His home is surrounded by green, rolling hills and trees. To him and his family, they offer beautiful views.
But to insurance companies, they’re an extreme fire hazard.
“Eleven years ago, we had choices,” he said. “We were able to get from one of the Berkshire Hathaway companies, a preferred homeowner’s policy with … full coverage and good rates.”
But in December, he received a nonrenewal notice from his insurer. The company said it was because of the fire danger.
Alexakis was forced to join California’s FAIR Plan for basic fire coverage only. For additional coverage, he purchased a separate policy from another company.
He said a new policy with the same coverage he had before the nonrenewal notice would have cost him 80% more.

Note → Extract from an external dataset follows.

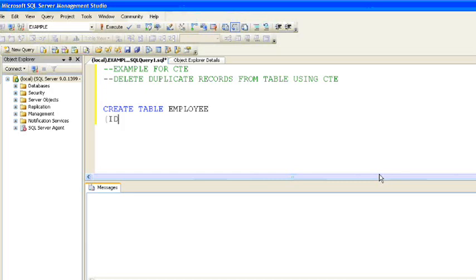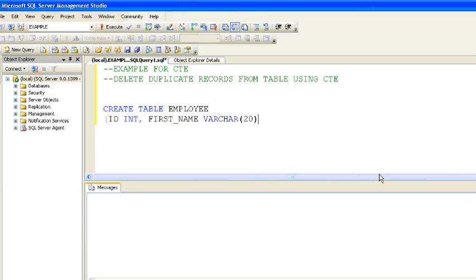Let's see a perfect real-time example where we can use CTE — deleting duplicate records from a table using CTE. We've seen what CTE is and its properties; now let's see a practical use case. First, let's create an employee table with columns: ID, first name, last name, and salary.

“So what we did was, we offset some of that expense by going tremendously higher with deductibles and foregoing some other coverages just to make it affordable,” he said.
Alexakis is not alone.
Insurers like State Farm and Allstate have been offloading their California clients, and while officials in Sacramento try to reach a compromise with the insurance agencies, homeowners are left with limited options.
Ashley Beier Walasek is an insurance broker in Fallbrook. She said most homeowners are going with the California FAIR Plan fire coverage, and then filling in coverage gaps with other policies for things like water, theft or liability.
“It just depends on every individual client, their family and their financial needs. So it really varies. But the higher of a deductible you have, the lower your premiums going to be,” she said.
And some homeowners are choosing another option: non-admitted policies. Beier Walasek said these come from out-of-state companies that aren’t licensed to do business in California.
“And what that means is that they are not held to the same regulatory financial stability laws that we have here,” Walasek said. “But they’re also able to insure riskier ventures, whether it’s in a fire area or if it’s a commercial policy.”
But there is a risk with non-admitted, out-of-state carriers: Admitted carriers are backed by the state; non-admitted carriers are not.
“If the (non-admitted) company becomes insolvent, or goes bankrupt, and they are not able to pay out the claims that you’re paying the coverage for … as a California resident … you are not able to go to the state to either appeal or … fight back to get any help from the state,” she said.
She said non-admitted carriers can be a good option for homeowners in fire-risk areas or for commercial policies. And research is key when shopping the non-admitted market.
“When searching for a policy, the first step is to check the rating of the non-admitted carrier. If it’s high and holds an A+, it means the company has a strong financial stability rating,” she said.
Policies are handled case by case, and vary depending on the location and age of a home, and the coverage and price a homeowner wants, and can afford.
“(For) people who have fixed incomes, it’s very difficult to see their premium triple in a year, and their incomes aren’t increasing,” Walasek said.
Homeowners are having to make tough decisions.
Some choose to go uninsured or underinsured, and others are choosing to sell their home and move out of California.
“I can’t believe that an insurance policy, and not being able to afford it, is dictating your move … your life,” Walasek said.